Hiring!

Multiple student projects available

There is a number of theoretical projects open for students interested in any of the research topics (both at BSc and MSc level). Some of the specific openings will be posted below.

Internships involve multiple modeling types (genome-scale metabolic modelling and kinetic modelling) and rely on programming with Python, MATLAB and/or R for data analysis and visualization. Obviously, you are also welcome to bring any interesting reseach question yourself - we love puzzles at the Systems Biology Lab! Keep in mind that the students from the Vrije Universiteit have priority in hiring, although students from other universities/HBO are also open for consideration. Please contact me for more details!

Open positions

Exploring the diversity and origins of metabolites in ant social fluids

Research internship proposal (MSc Minor/Major, 24-36 EC) | both on-site and remote | availability: ASAP

Supervisor: Pranas Grigaitis

Many insect orders, and most ant species, exhibit eusocial behavior, i.e., individuals live in groups, coordinated through cooperative action and reproductive division of labor. One of manifestations of eusociality is presence of socially exchanged fluids. Our collaborators (lab of Adria LeBoeuf @Uni Cambridge) have previously observed that the trophallactic (=nutritional) fluids of Florida carpenter ants Camponotus floridanus are likely rich in sugars and free fatty- and amino acids (LeBoeuf et al. 2016 eLife, Hakala et al. 2021 eLife).
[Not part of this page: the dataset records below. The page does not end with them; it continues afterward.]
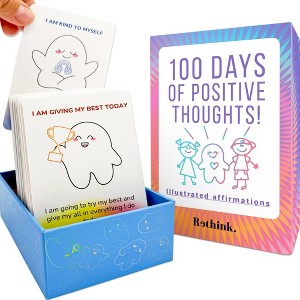 QUOKKA Affirmation Cards – Mindfulness and Positivity Deck for Kids & Adults – Encouraging Daily Reflection and Emotional Wellness - 1 of 4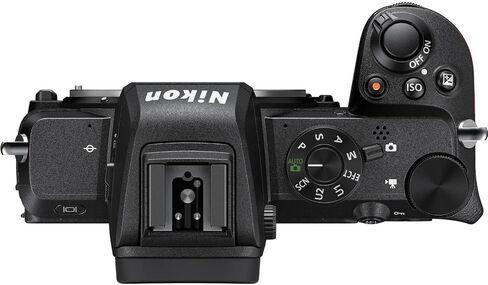 كاميرا Nikon Z50 بدون مرآة مع عدسة Z DX مقاس 18-140 مم f/3.5-6.3 VR وعدسة تليفوتوغرافي يدوية فائقة الدقة مقاس 420-800 مم f/8 + ذاكرة 128 جيجابايت + بطارية إضافية + حقيبة كاميرا + المزيد (حزمة 31 قطعة) (متجددة) in Saudi Arabia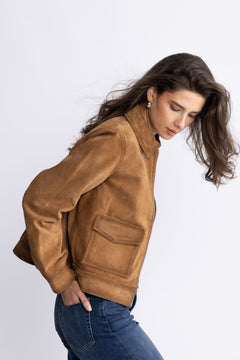 Martha Jacket - Camel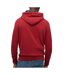 Sweat rouge homme superdry essential logo-2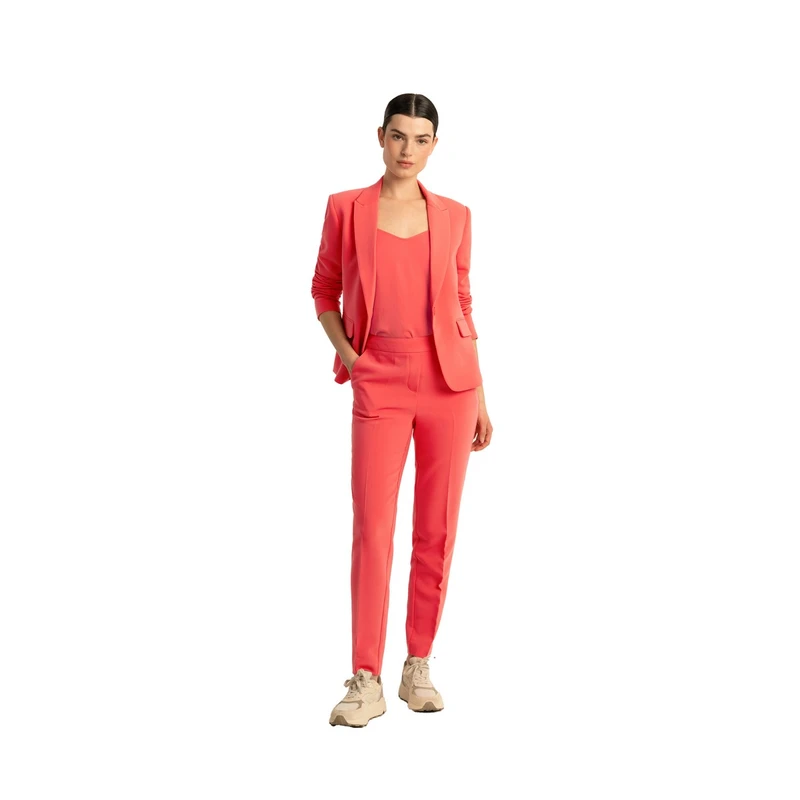 Dames Pantalon EX24-21015 Expresso ROOD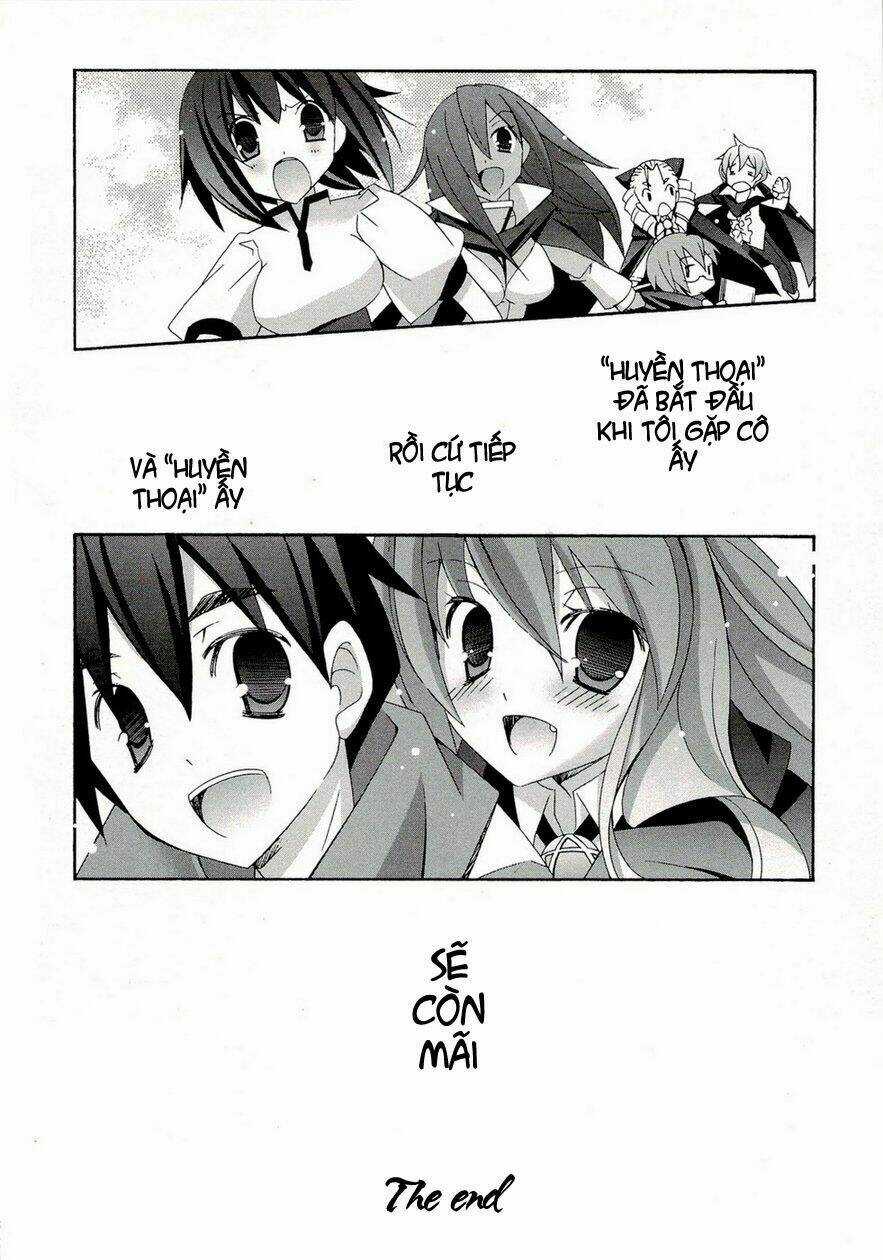 Zero No Tsukaima! Chapter 36 trang 28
The LeBoeuf lab has performed a large-scale sampling experiment of social fluids from 4 different ant species grown in lab, and multiple castes/fluid localizations within a species. We have run LC-MS/MS-based untargeted metabolomics analyses on these samples and acquired mass spectra, containing >1500 unique peaks. The identity of >90% peaks, however, is ambiguous and needs further investigation. We are looking for a student to analyze these metabolomics datasets, and, coupled with genomic analyses, help us to suggest the origin of secondary metabolites (ant- or microbe-produced, or food-borne) in different ant social fluids.
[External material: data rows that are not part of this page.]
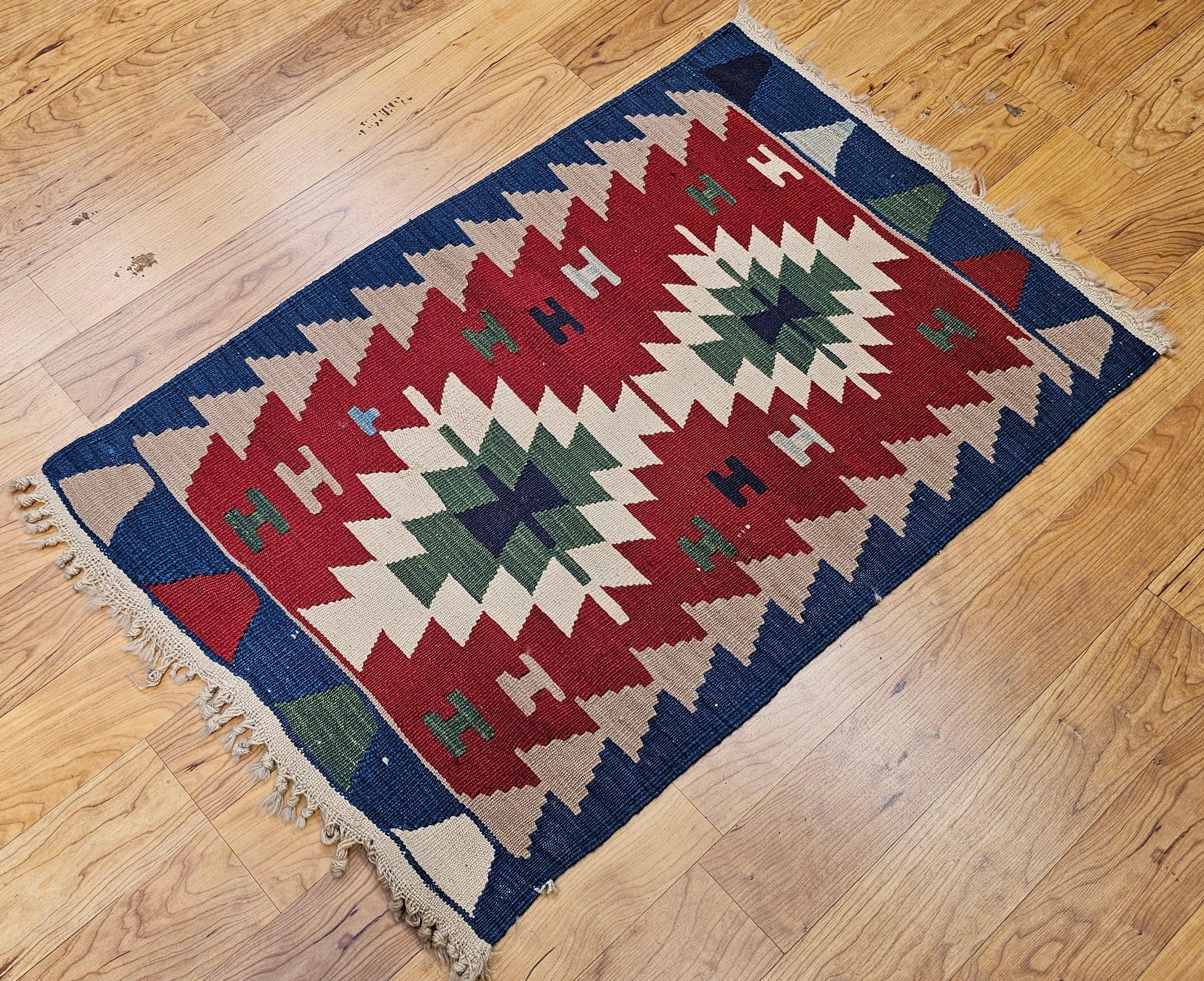 Rug & Kilim vintage turc tissé à la main en vente 1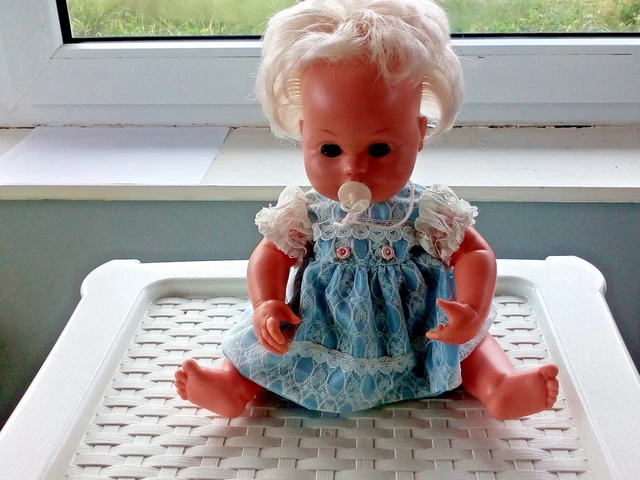 VINTAGE TEENY TINY Tears doll 12B with original dummy in Faerie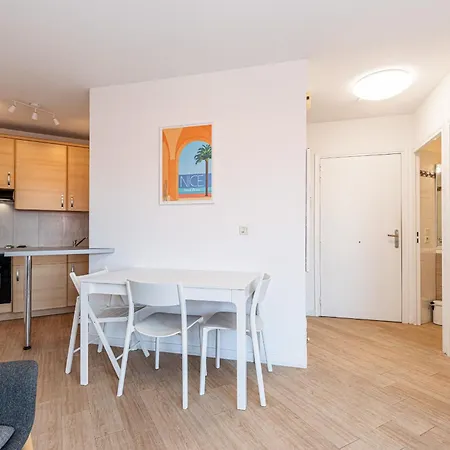 68 Arson - Appt 2 Pieces Dernier Etage - Terrasse - Parking Apartment Nice Exterior photo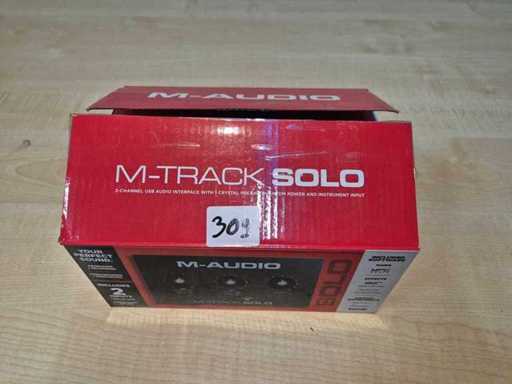 Interfaccia di registrazione USB a 2 canali M-Audio M-Track Solo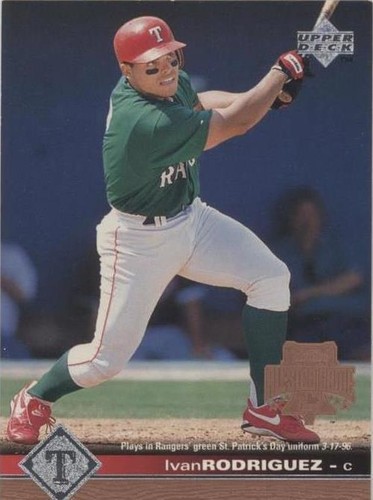 1997 Upper Deck - Ivan Rodriguez #211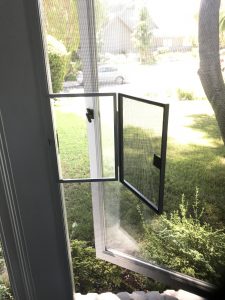 Wickets for Interior Window Screens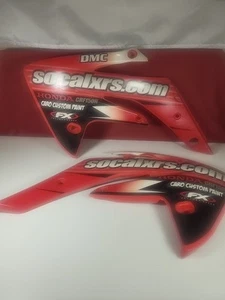 Honda CR85 Radiator Shrouds - Picture 1 of 2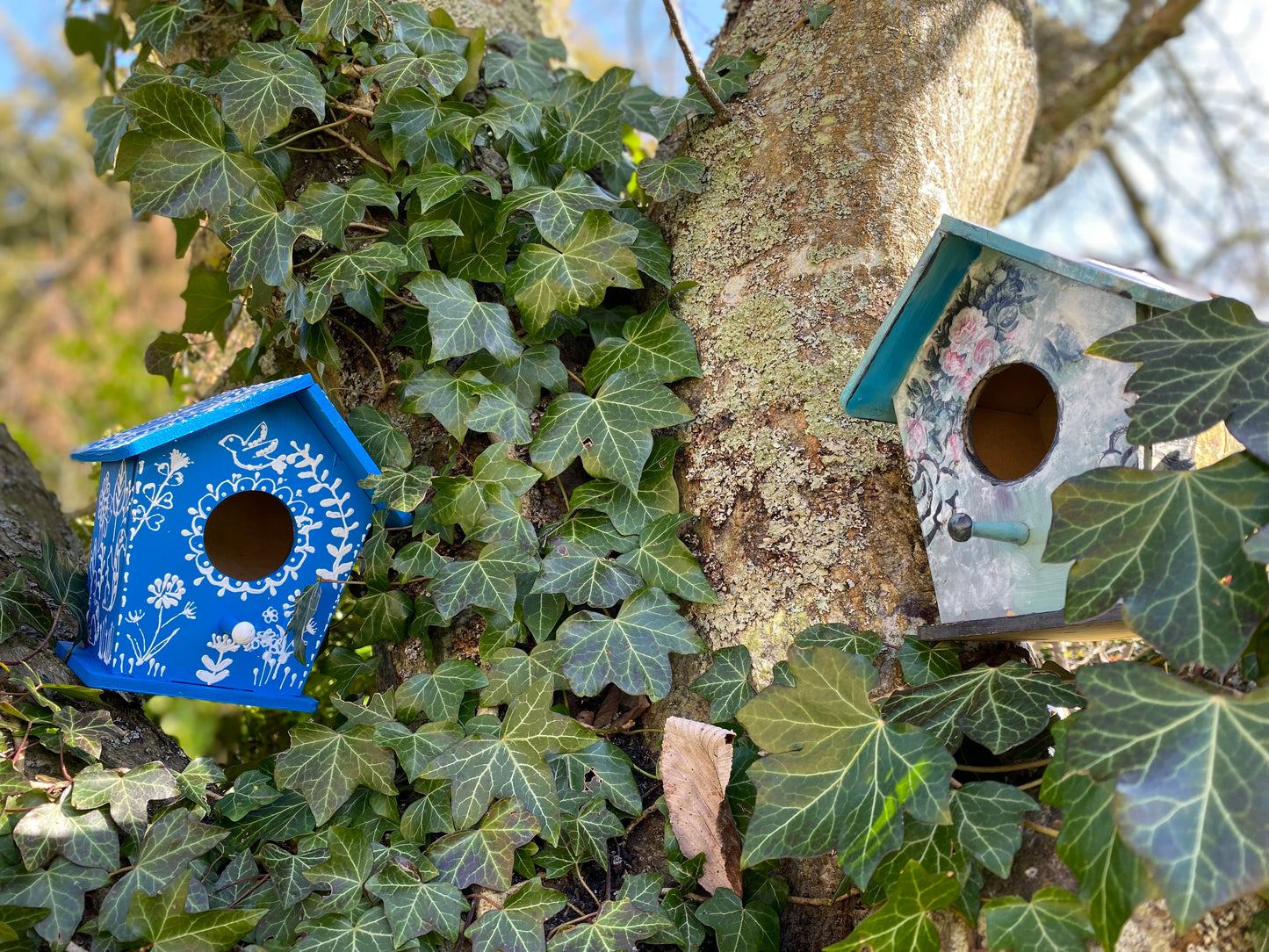 Decorated Birdhouse NEW! - Thursday 24th April 2025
We will use mzMine3 (Heuckeroth et al. 2024 Nat Protoc) and other well-established mass spectrometry analysis tools to reannotate peaks from the raw mass spectra, and assess the diversity of fluid metabolites at different granularity (from functional classes towards individual compounds). For mapping the origin of these metabolites, we will use various genome annotation tools to locate enzymes and/or biosynthetic gene clusters.

We expect you to do scripting in either Python/R/MATLAB; basic knowledge of bash scripting is an advantage. A background in molecular biosciences is desired, but strongly interested applicants from other backgrounds should apply as well. We offer you a challenge to analyze -omics datasets from unique biological sources, and to join an exciting interdisciplinary project where you will join a diverse team of ecologists, molecular zoologists, and systems biologists.

Correlating genetic and functional variability of enzymes with thermodynamics

MSc Minor/Major, 24-36 EC | both on-site and remote | availability: ASAP

Supervisors: Pranas Grigaitis, Frank Bruggeman

Most biochemical processes require protein catalysts – enzymes – to proceed at rates which can sustain life. The catalysis function of these proteins has evolved under (and is still subject to) natural selection as different variants of the enzymes emerge through genetic mutations. Mutations can bring both innovations (improved or novel function) and detrimental damage (loss of function) to the enzymes and thus directly influence cell fitness. We would like to test the hypothesis whether the genes, encoding enzymes which catalyze reactions close to thermodynamic equilibrium (small |ΔG| values) are less prone to accumulate mutations in selected microbial species.

In this project, we want to correlate the functional information of enzymes with their mutational patterns at different levels (gene, transcript, protein) and expression of these enzymes. We have previously developed a routine to compute ΔG values for all known enzyme-catalyzed metabolic reactions from the genome-scale metabolic models. We will collect and use the set of gene-, transcript-, and protein sequences of sequenced microbial isolates and absolute proteome quantification data for reference strains to correlate sequence variability and enzyme expression levels with the thermodynamic parameters.

We expect you to be experienced in Python scripting and dedicated data handling libraries (pandas, numpy, scipy). Good understanding of core statistical analyses will be needed for analyzing data. Previous experience with setting up command-line bioinformatics routines is an advantage. We offer you an opportunity to gain experience in handling large-scale datasets, and learn how to setup and run complex, multi-step bioinformatics pipelines.